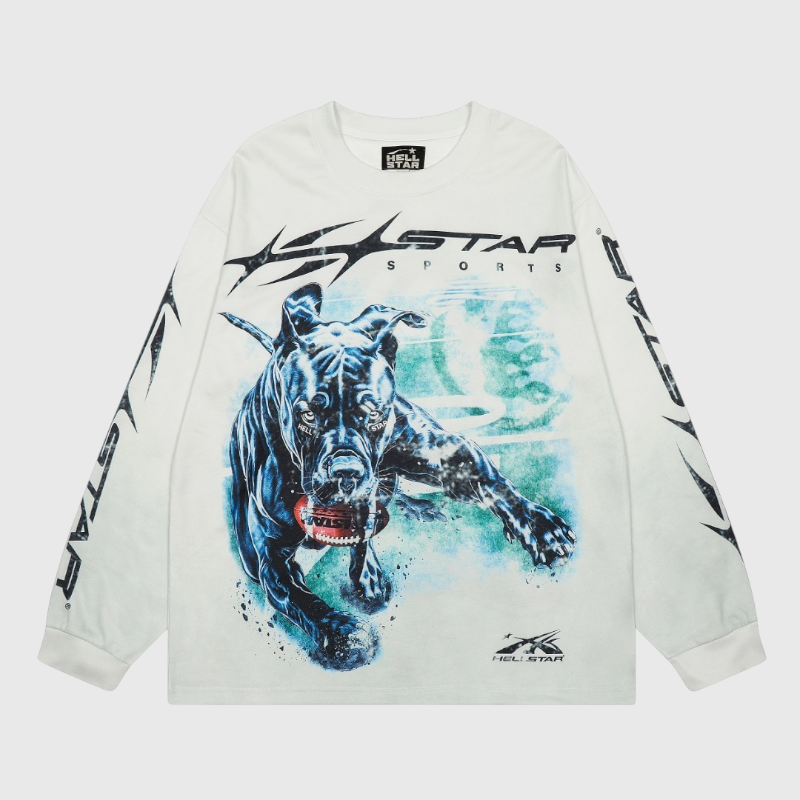 Hellstar Graffiti Bulldog Long Sleeved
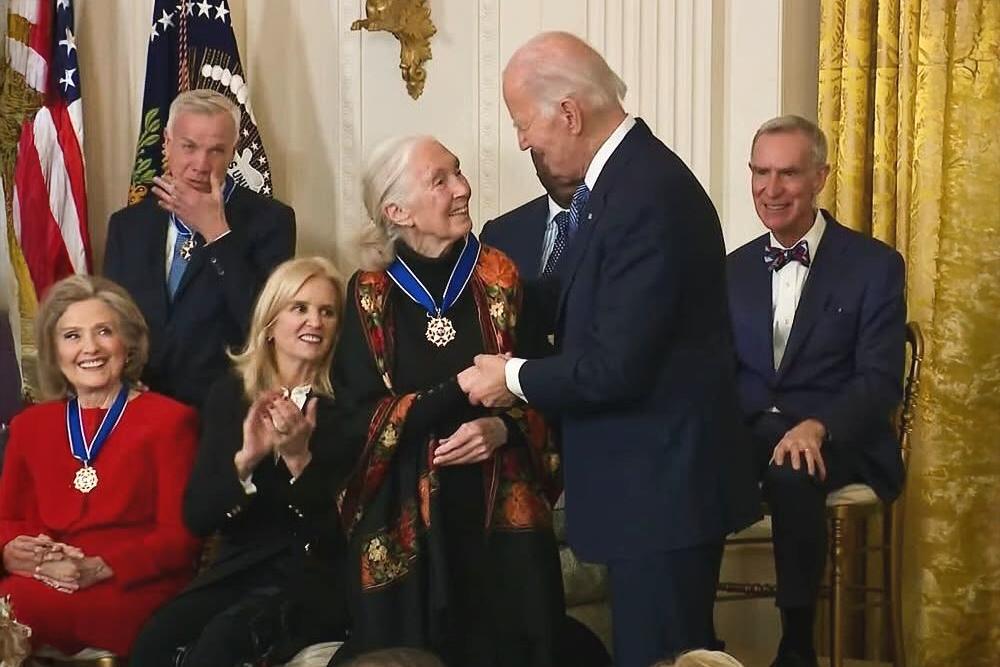 Jane Goodall Recieving Medal of Freedom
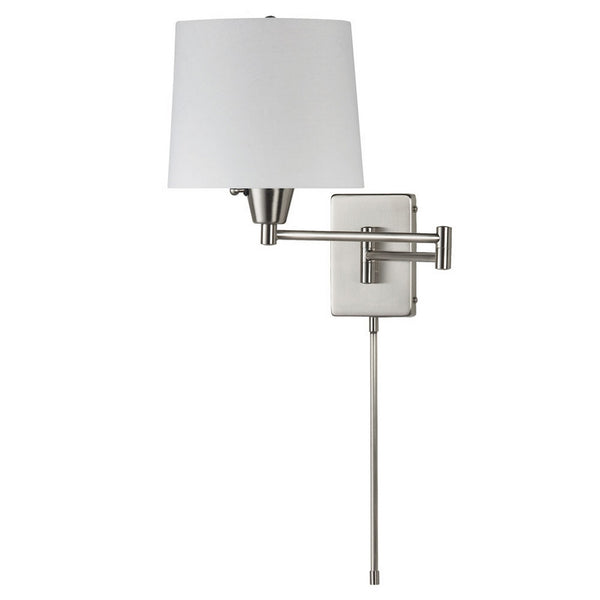 (K)Swing Arm Wall Lamp White Shade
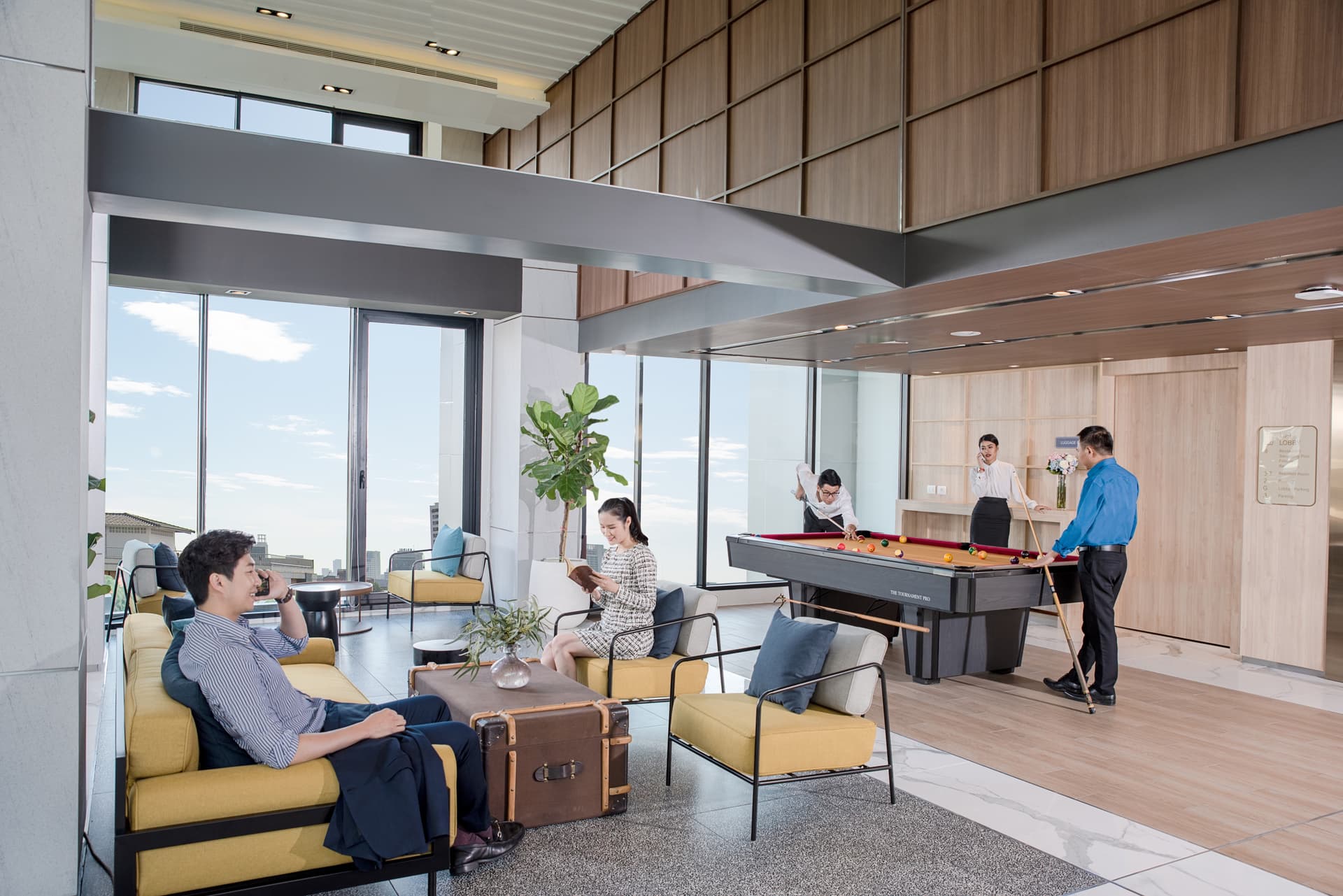 Recreational area at Amanta Sathorn Residence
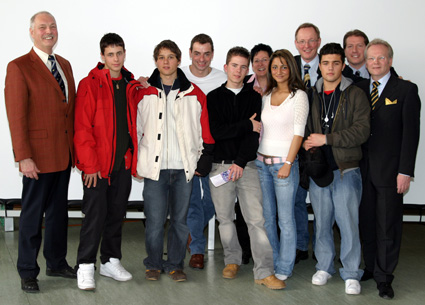 Suchtpräventionsgruppe des Martin-Behaim-Gymnasiums am 23.Februar 2005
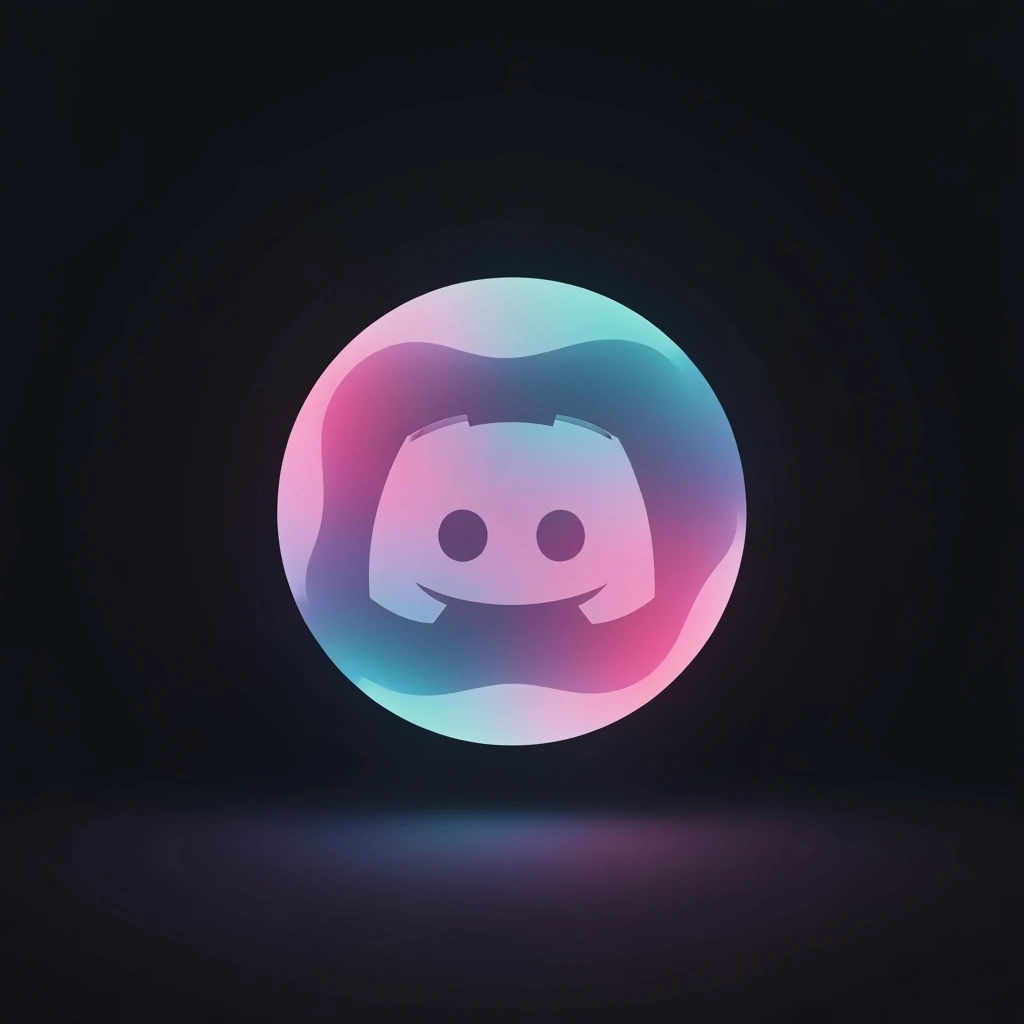 discord orb, minimal, expressive, variation 4 emoji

### Required action
Would you output the data above exactly as written, but with no images?

### Solution for this problem
 Hellstar Graffiti Bulldog Long Sleeved
 Jane Goodall Recieving Medal of Freedom
 (K)Swing Arm Wall Lamp White Shade
 Recreational area at Amanta Sathorn Residence
 Suchtpräventionsgruppe des Martin-Behaim-Gymnasiums am 23.Februar 2005
 discord orb, minimal, expressive, variation 4 emoji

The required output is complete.